Le forze di sicurezza hanno disperso una nutrita folla di manifestanti con i lacrimogeni, ieri a Beirut. Alcune centinaia di persone si sono riunite a piazza dei Martiri in tarda mattinata per il corteo promosso dai comitati di ex militari e quello dell’Associazione depositari bancari, per poi spostarsi a piazza Riad el-Solh a ridosso del parlamento, dove si teneva l’ennesima inconcludente riunione e dove la tensione è salita. Due i feriti: un poliziotto e un manifestante.

Anche la parlamentare Paula Yaacoubian aveva martedì invitato via social a una mobilitazione generale: «Scendi e ribellati, per il tuo paese, per i tuoi diritti!». Un ex militare in piazza accusa: «Veniamo a chiedere quello che ci spetta di diritto, per legge. Non possiamo curarci e i soldi che vengono dall’estero per l’esercito vengono dirottati».

LA GOCCIA è stata la schizofrenia del cambio lira/dollaro fra le 10 e le 18 di martedì: il tasso al mercato nero della lira libanese è passato da 125mila a 145mila, per poi riscendere e risalire come montagne russe e assestarsi in serata a 110mila.

Le banche sono chiuse da oltre una settimana, formalmente in protesta contro le indagini e i provvedimenti della giudice della corte d’appello Ghada Aoun nell’ambito del processo sulla corruzione del sistema bancario.

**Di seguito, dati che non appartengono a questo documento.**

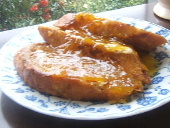 French Toast with Orange Sauce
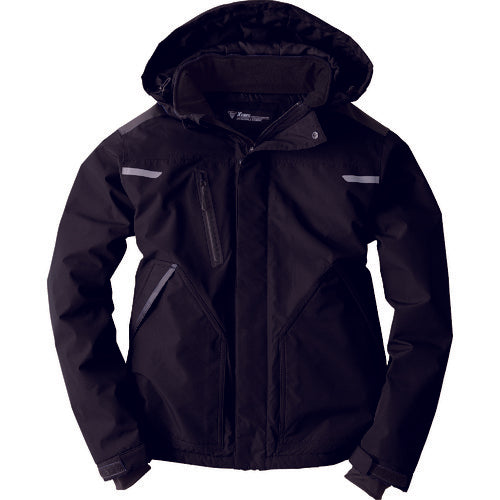 XEBEC 防水防寒ブルゾン562−90−M ブラック
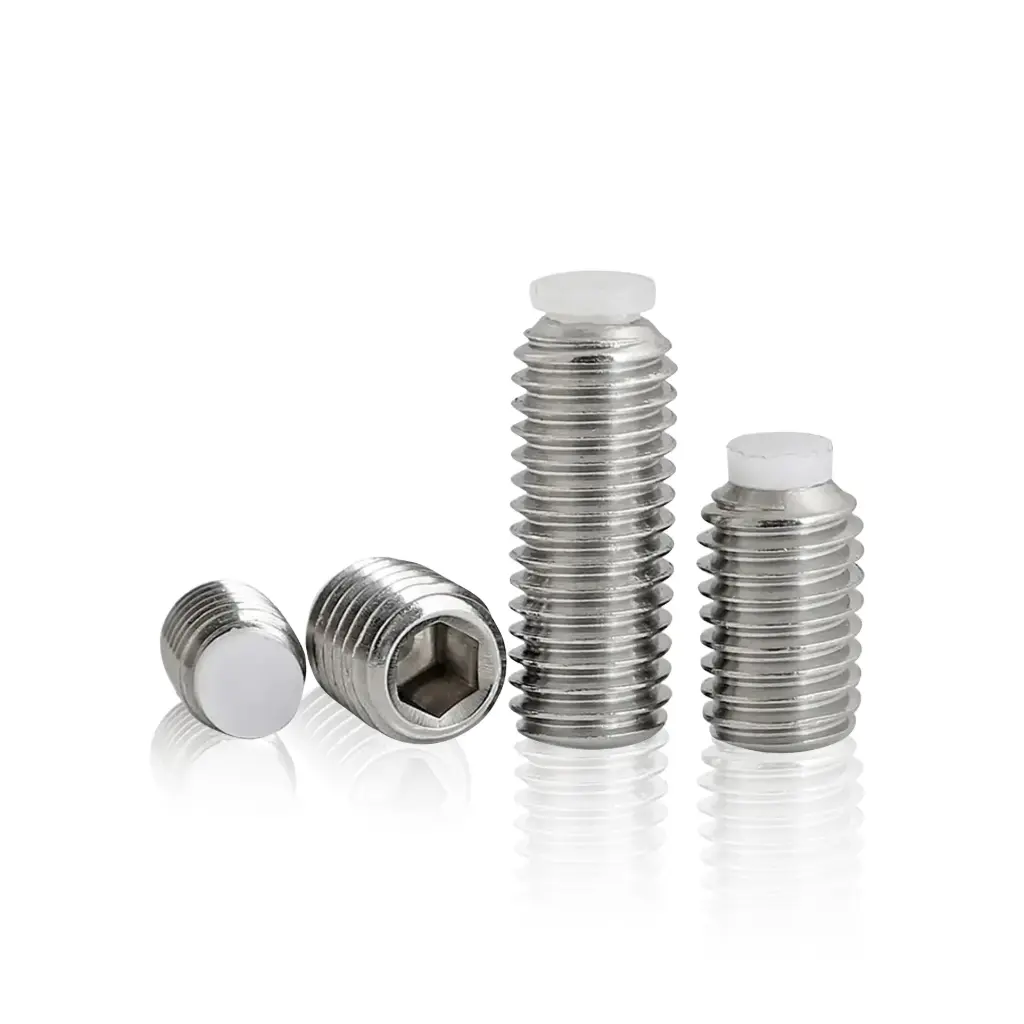 Metric Set Screw With Plastic tip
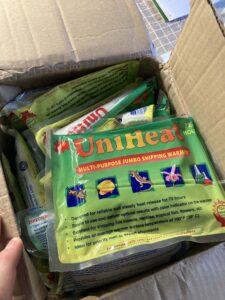 Heat packs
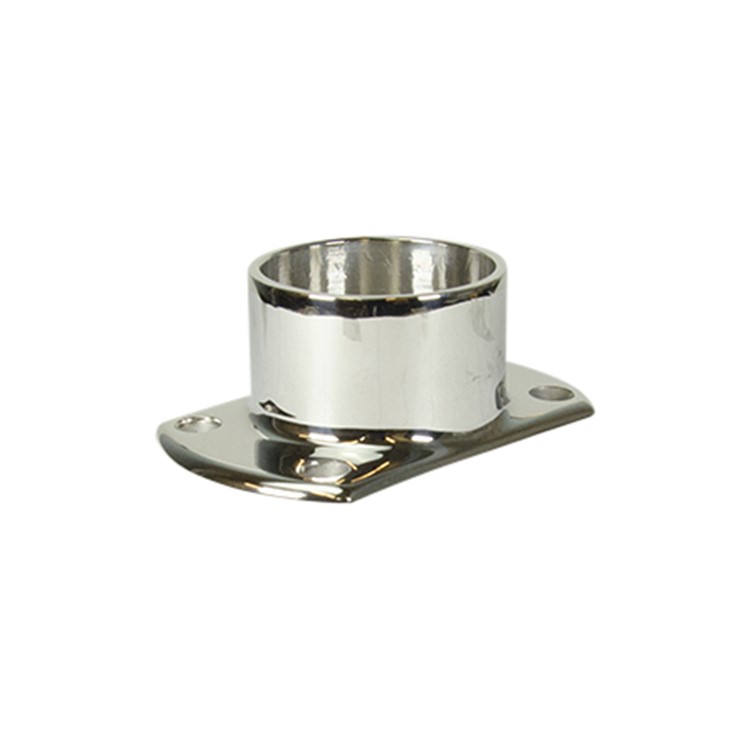 Satin Finish Stainless Steel Cut Flange, 2.00" 152075.4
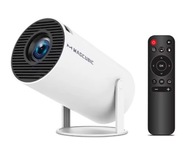 Projektor LED Magcubic HY300 Pro+ Biały 4K Android 11 Kino Domowe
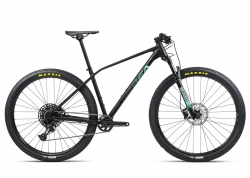 Велосипед Orbea Alma H10-Eagle 29 S 2021 Black (Matte)- Ice Green (Gloss)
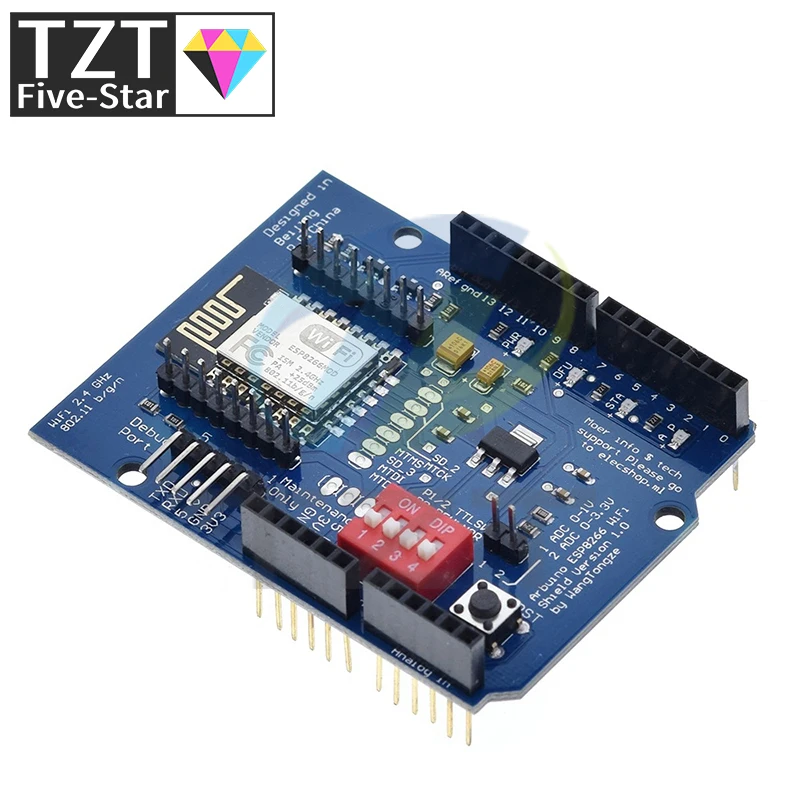 ESP8266 ESP-12E UART WLAN Wireless Shield Entwicklungsboard – Bild 3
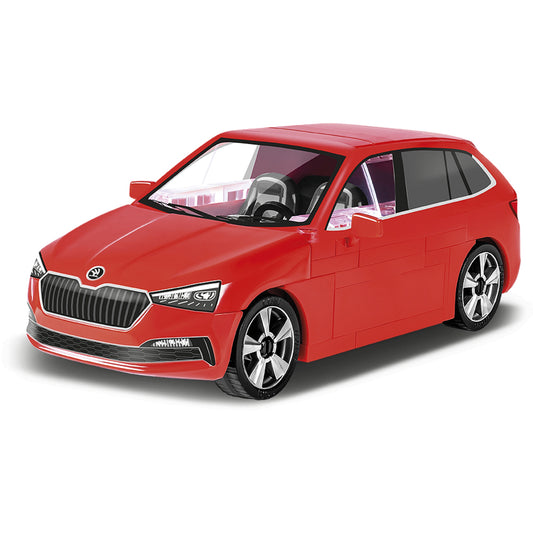 Skoda Scala (1.0 TSI) [Kit] in Red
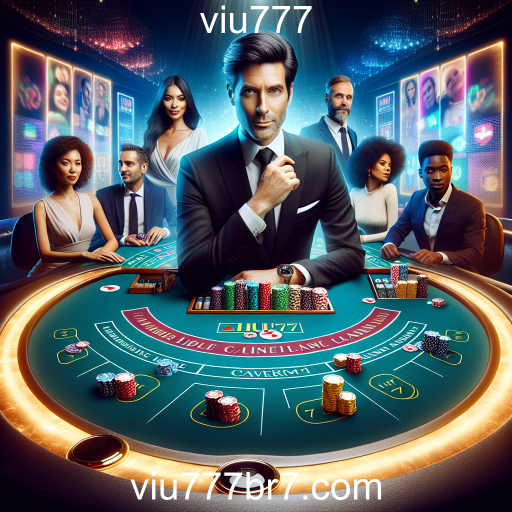 A Emoção dos Jogos ao Vivo no Viu777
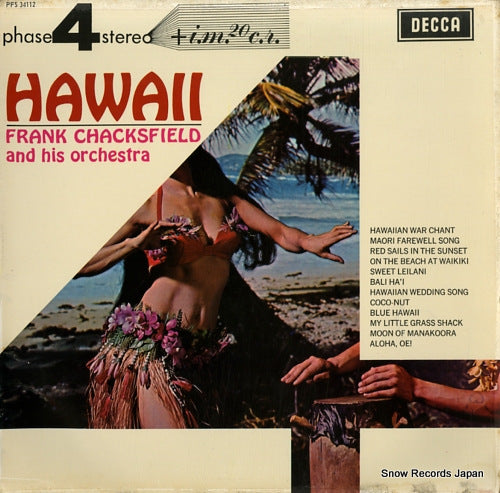 CHACKSFIELD, FRANK hawaii PFS-34112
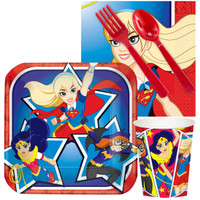 DC Super Hero Girls Snack Party Pack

Martedì il governatore della Banca centrale Salameh aveva alzato il tasso di cambio ufficiale bancario da 83.500 a 90mila per dollaro.

I conti in Libano sono bloccati dal settembre 2019: i risparmiatori, oltre a perdere denaro per la svalutazione – prima della crisi un dollaro valeva 1.500 lire circa – non possono prelevare grandi cifre né trasferire denaro. La banca centrale fissa quindi un tasso a cui prelevare in dollari, ma poi il cambio dollaro/lira è gestito nei fatti dal mercato nero.

Oggi, in un momento in cui lo stato non riesce più a sussidiare niente e a calmierare i prezzi, il mercato è completamente dollarizzato e i prezzi sono quelli pre-crisi. Nei supermercati da marzo i prezzi sono tutti in dollari, eccezion fatta per pochi prodotti. Gli stipendi pubblici sono ancora pagati in lire, molti privati in dollari, ma sono la metà del 2019.

LA SITUAZIONE è insostenibile. E la folla rabbiosa di ieri ha a tratti ricordato la thaura (rivolta) scoppiata il 17 ottobre 2019, prima pacifica e poi violenta, che non era però riuscita a ribaltare la potente casta politica corrotta e nepotista che ha portato il paese nell’abisso.

Il parlamento ancora non ha eletto da fine ottobre un presidente della repubblica e nemmeno un nuovo governo dopo le elezioni del 15 maggio scorso, cose che sbloccherebbero gli aiuti messi a disposizione dal Fondo monetario internazionale e dalla comunità internazionale, a patto di riforme sociali, che paradossalmente dovrebbero essere promosse e attuate dalla stessa classe politica che ha portato il paese al collasso.

Il Libano è un sistema di potere multicentrico che attraverso il parlamento si spartisce fette di mercato. Trovare una quadra su un nome che sia ago della bilancia favorendo ciascuno nel modo che si aspetta non è semplice. A ciò bisogna affiancare le influenze esterne di paesi come Iran, Usa, Arabia saudita, Francia, che qui hanno forti interessi economici e politici.

Nel report per la felicità mondiale del 20 marzo stilato dalle Nazioni unite che tiene in conto di indici come reddito pro-capite, accesso ai servizi, libertà di scelta, corruzione, per il terzo anno di fila il Libano è al penultimo posto, preceduto solo dall’Afghanistan.